Anasayfa » Genel » Nasreddin Hoca

Nasreddin Hoca

Nasreddin Öğretmen Biyografisi

Nasreddin Öğretmen, gülünç öyküleri ve fıkralarıyla hatırlanan ve aynı zamanda popülist bir feylesof olan bilgeydi.
Nasreddin şehir, Sivrihisar’ın Hortu Köyünde doğdu, Büyük Türk toplum bilgesi olan Nasreddin Öğretmen ulus dilinde, duygu ve inceliği kapsayan, gülmece türünün öncüsü olmuştur.

Babası Hortu Köyü imamı Abdullah Efendi, annesi aynı köyden Sıdıka Hatun’dur. Önce Sivrihisar’da medrese öğrenimi gördü. Babasının vefatı üzerine Hortu’ya dönerek köy imamı oldu. 1237’de Akşehir’e yerleşerek, Seyyid Mahmud Hayrani ve Seyyid Hacı İbrahim’in derslerini dinledi. İslam diniyle alakalı çalışmalarını sürdürdü.

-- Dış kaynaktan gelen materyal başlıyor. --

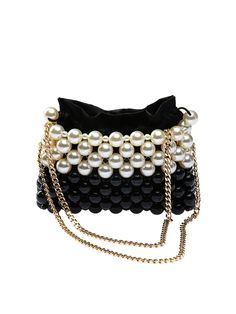 * Luxury Pearl and Black Bead Bag * If we were to give you a pearl of wisdom, it would be to never go anywhere without this bag. * Decorated with faux-pearl beads from top to bottom. Slip it on with any ensemble, and your only competition will be the disco ball. * This 'Queen' of a bag is the perfect conversation starter for wedding/ formal event guests, and is versatile enough to bring to casual brunch the next day, also     perfect for the bride/hen-party. * Special design, 100% handmade. * Th Pearl Evening Bag With Pearl Handle, Pearl White Beaded Shoulder Bag For Party, Evening Pearl Embellished Bag, Pearl White Pearl Evening Bag, Pearl Beaded Evening Bag For Formal Occasions, Pearl Embellished Evening Bag For Party, Formal Beaded Pearl Evening Bag, Embellished Pearl Evening Bag, Pearl White Beaded Clutch For Evening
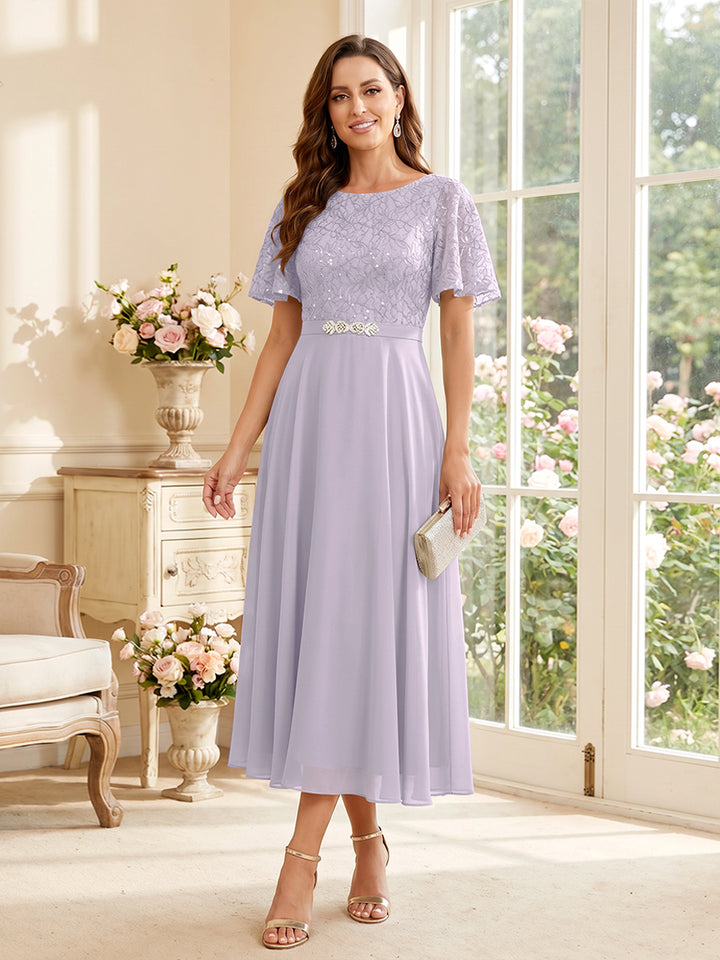 A-Line/Princess Scoop Short Sleeves Tea-Length Mother of the Bride Dresses with Lace &amp; Pleats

Bir söylentiye göre medresede ders okuttu, kadılık görevinde bulundu. Bu görevlerinden dolayı kendisine Nasuriddin Hâce ismi verilmiş, sonradan bu ad Nasreddin Öğretmen biçimini almıştır.

Onun hayatıyla alakalı balakalar, milletin kendisine olan fazla sevgisi suratınden, söylentilerle karışmış, yer yer olağanüstü nitelikler kazanmıştır.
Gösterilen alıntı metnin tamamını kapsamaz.